Implementation of SHA-256 on the GPU (and sample implementation on the CPU).
To compile the CPU version of the code:
g++ sha.cpp -o shacpu -std=c++20 -O3
The GPU version of the code was designed for a Nvidia 2080Ti, and likely will not run on any older hardware since it attempts to use the maximum number of threads possible. To compile it, run:
nvcc sha.cu -o shacuda -O3
# for GPU version
./shacuda <path-to-file>
# for CPU version
./shacpu <path-to-file>
First, you initialize an array of 8 32-bit integers that will represent the hash to the first 32 bits of the fractional parts of the square roots of the first 8 primes. We also initialize a constant array k
that is the first 32 bits of the fractional parts of the cube roots of the first 64 primes.
SHA256 processes the input in 512-bit chunks, and for each chunk we generate a message schedule, an array of 64 32-bit integers. The first 16 integers in this array are just copied from the input buffer. The next 48 are calculated via the following process (where rotr
is a right bit rotation, aka a cyclic right bit shift):
for (int i = 16; i < 64; i++) {
uint32_t s0 = (rotr(w[i-15], 7) ^ rotr(w[i-15], 18) ^ (w[i-15] >> 3));
uint32_t s1 = (rotr(w[i-2], 17) ^ rotr(w[i-2], 19) ^ (w[i-2] >> 10));
w[i] = w[i-16] + s0 + w[i-7] + s1;
}
This message schedule is then used in the compression phase of SHA256 where the current hash values are copied into another array a
and operated on 64 times (once for each element in the message schedule and k
). This is done as follows:
for (int i = 0; i < 64; i++) {
uint32_t s1 = (rotr(a[4], 6) ^ rotr(a[4], 11) ^ rotr(a[4], 25));
uint32_t ch = (a[4] & a[5]) ^ ((~a[4]) & a[6]);
uint32_t temp1 = a[7] + s1 + ch + k[i] + w[i];
uint32_t s0 = (rotr(a[0], 2) ^ rotr(a[0], 13) ^ rotr(a[0], 22));
uint32_t maj = (a[0] & a[1]) ^ (a[0] & a[2]) ^ (a[1] & a[2]);
uint32_t temp2 = s0 + maj;
for (int i = 7; i > 0; i--) a[i] = a[i-1];
a[4] += temp1;
a[0] = temp1 + temp2;
}
Sidenote: because a
is initialized to the current hash, this process is inherently sequential.

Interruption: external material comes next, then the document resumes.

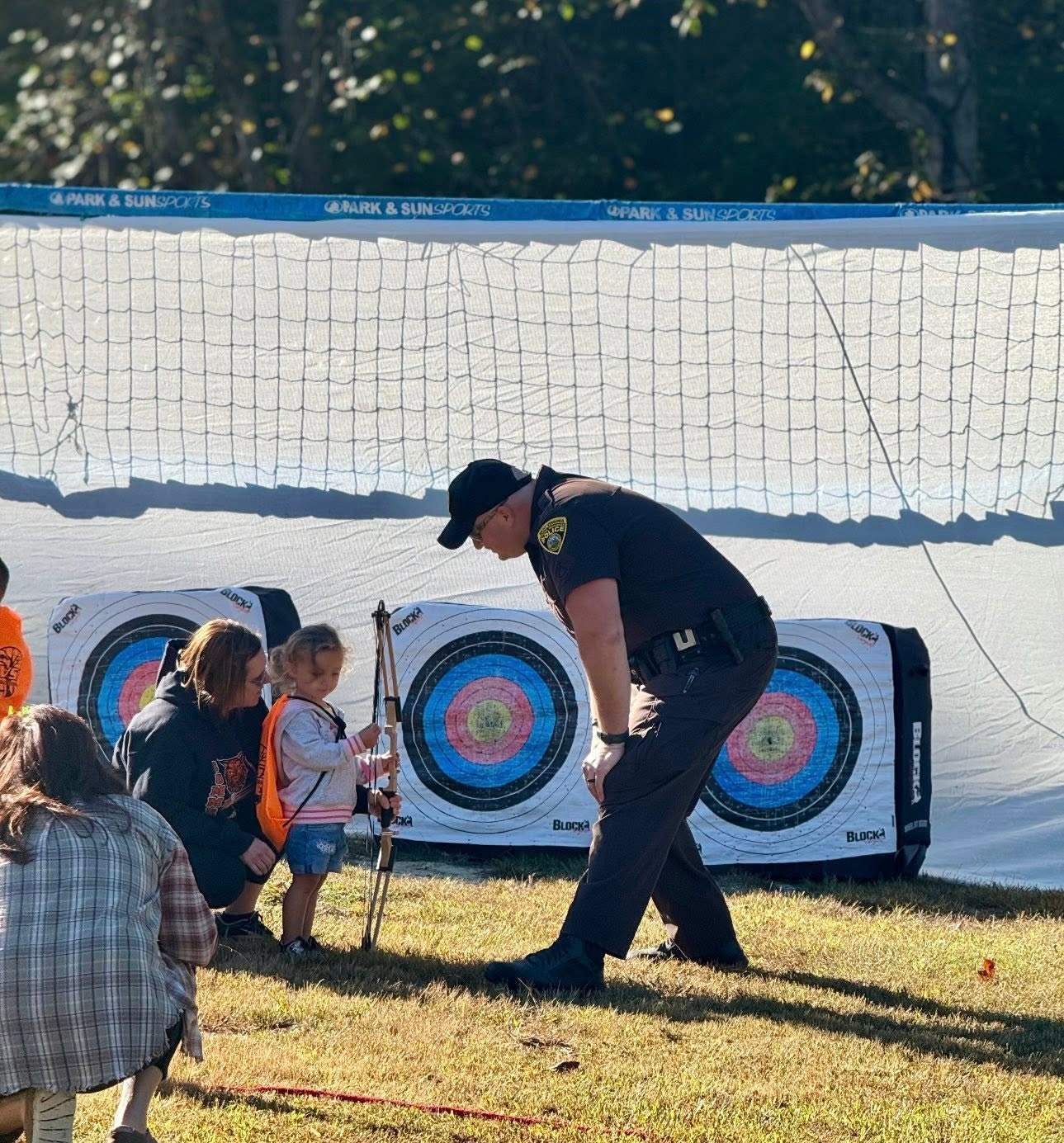 A police officer helping a young child hold a bow at the archery station at Youth Day 2025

Afterwards, we add each element of a
to the hash. Finally, the last buffer is padded with an extra 1 bit after the input and the length of the array is stored in the last 64 bits of the 512-bit chunk.
shacuda
uses a sha_ctx
class to store the hash.
When run, the code starts by calling fstat
on the file provided to determine its size. It then allocates two large buffers on the GPU: a 0.25 GiB one called buf
that the file is continously read into, and another 1 GiB one w
that is meant to store all of the message schedules for the file.
The primary part of the code is a do-while loop in the main function that continously reads the file to buf
. Within this while loop there are essentially two conditions handled: whether the was fully or partially read into.
If the buffer is full, we call a kernel process
with a grid of 8x8 thread blocks with 64 threads (in total 4096 threads). Each thread is responsible for generating the message schedule for 1024 of the 512-bit “chunks” that SHA operates on. To do this, they calculate their “thread index” (essentially determining which thread they are), and generate from this a unique offset in the large w
array to write their output into and offset in the buf
array to read the input from. This means that the operation is parallelized in a rather clean manner: each thread is responsible for its own section of the input and own section of the output. Each thread then generates their respective message schedules via the method outlined by the SHA algorithm, albeit with some byte swapping because SHA operates on big endian numbers whilst x86 is little endian. Once this is done, a function running on the CPU does the “compression” phase of SHA by iterating over all of the generated message schedules in w
sequentially and updating the hash in the sha_ctx
class. Convieniently, we do not need to do all of our arithmetic mod 32 when doing math for these steps since 32-bit overflow is defined behavior in C/C++.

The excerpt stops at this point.